We have lingered in the chambers of the sea
By sea-girls wreathed with seaweed red and brown
Till human voices wake us, and we drown.
— T. S. Eliot, “The Love Song of J. Alfred Prufrock”
I pictured her below the waves where the water was gentle. I imagined she floated like a bright October leaf, unhurried, lazily seesawing in the current until at last she came to rest on the ocean floor. Her hair grew into delicate ropes of seaweed; her skin turned opalescent like the inside of a shell. She wore a necklace of coral, swam seal-like through shimmering clouds of fish, and slept in an underwater cave with a nightlight of luminescent plankton. In my imagination, she became mythic: The Saltwater Twin. She belongs to the sea, I thought. She knows things no one else knows.
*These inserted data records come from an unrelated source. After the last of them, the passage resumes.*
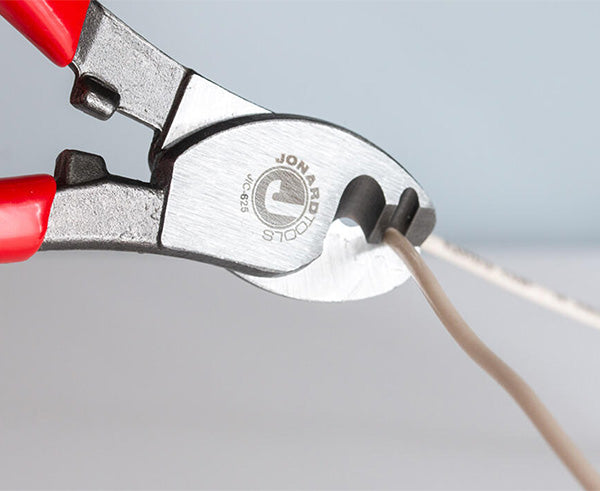 Copper COAX & Network Cable Cutter - Cutter close up in use - Primus Cable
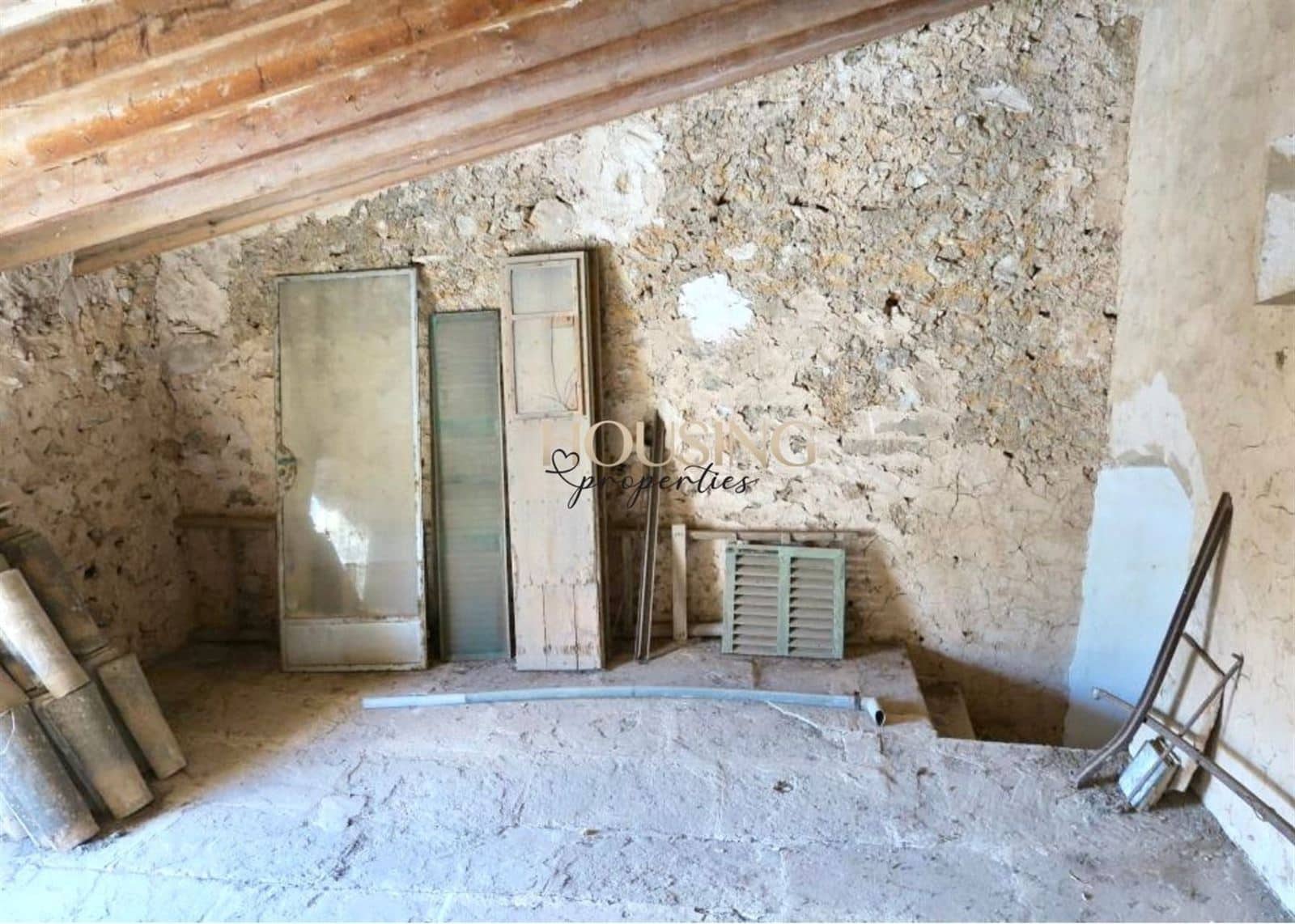 6 bedroom Townhouse for sale in Campos - € 430,000 (Ref: 9447405)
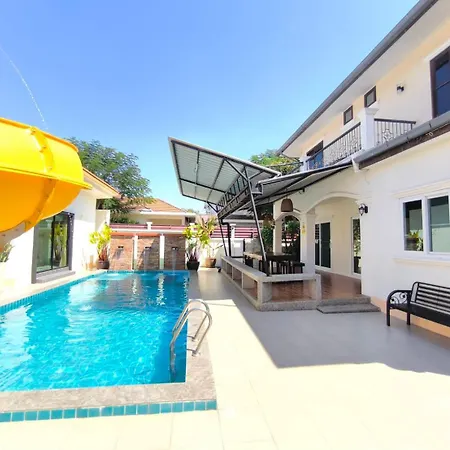 Baan Big Family Pool Villa-2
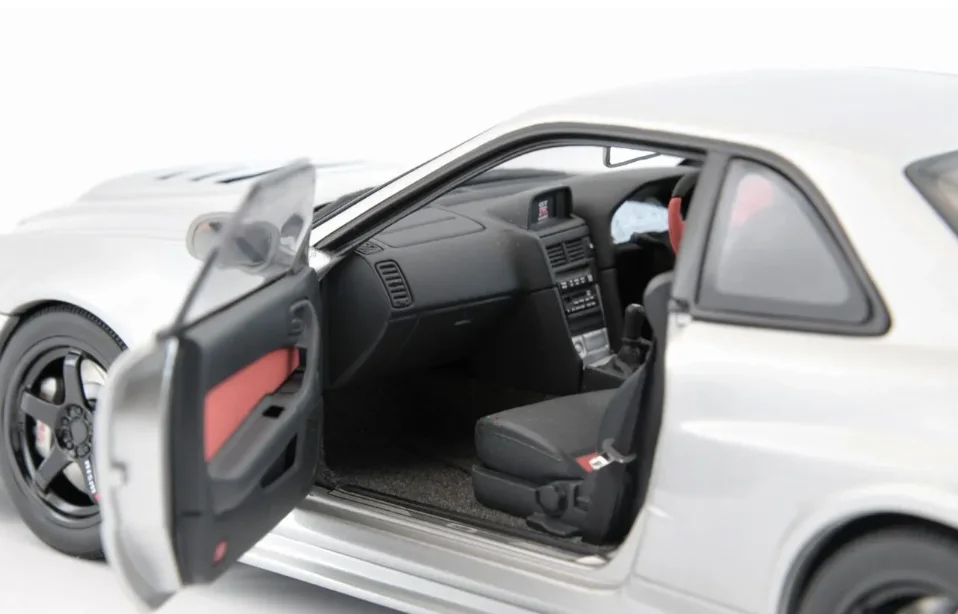 Autoart 1/18 Nisan R34 GT-R z-tune z2 - миниатюра 4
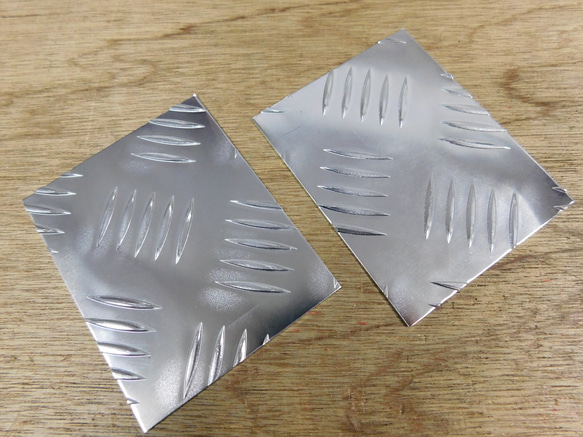 サンプル】 75mm×100mmを2枚セット 端材 アルミ縞板 チェッカー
She didn’t start out as a mythical creature. She was an ordinary kid named Abby Mahoney, a sandy-haired, freckle-faced girl—that is, if she looked anything like her twin brother, who was my age. I never met her. Her family lived on my cousins’ street, but she was already gone by the time they moved in. Abby drowned in the Atlantic when we were three, leaving her brother, leaving all of us behind. Abby had been Tommy’s twin, but The Saltwater Twin was mine—and she gave me a way to escape.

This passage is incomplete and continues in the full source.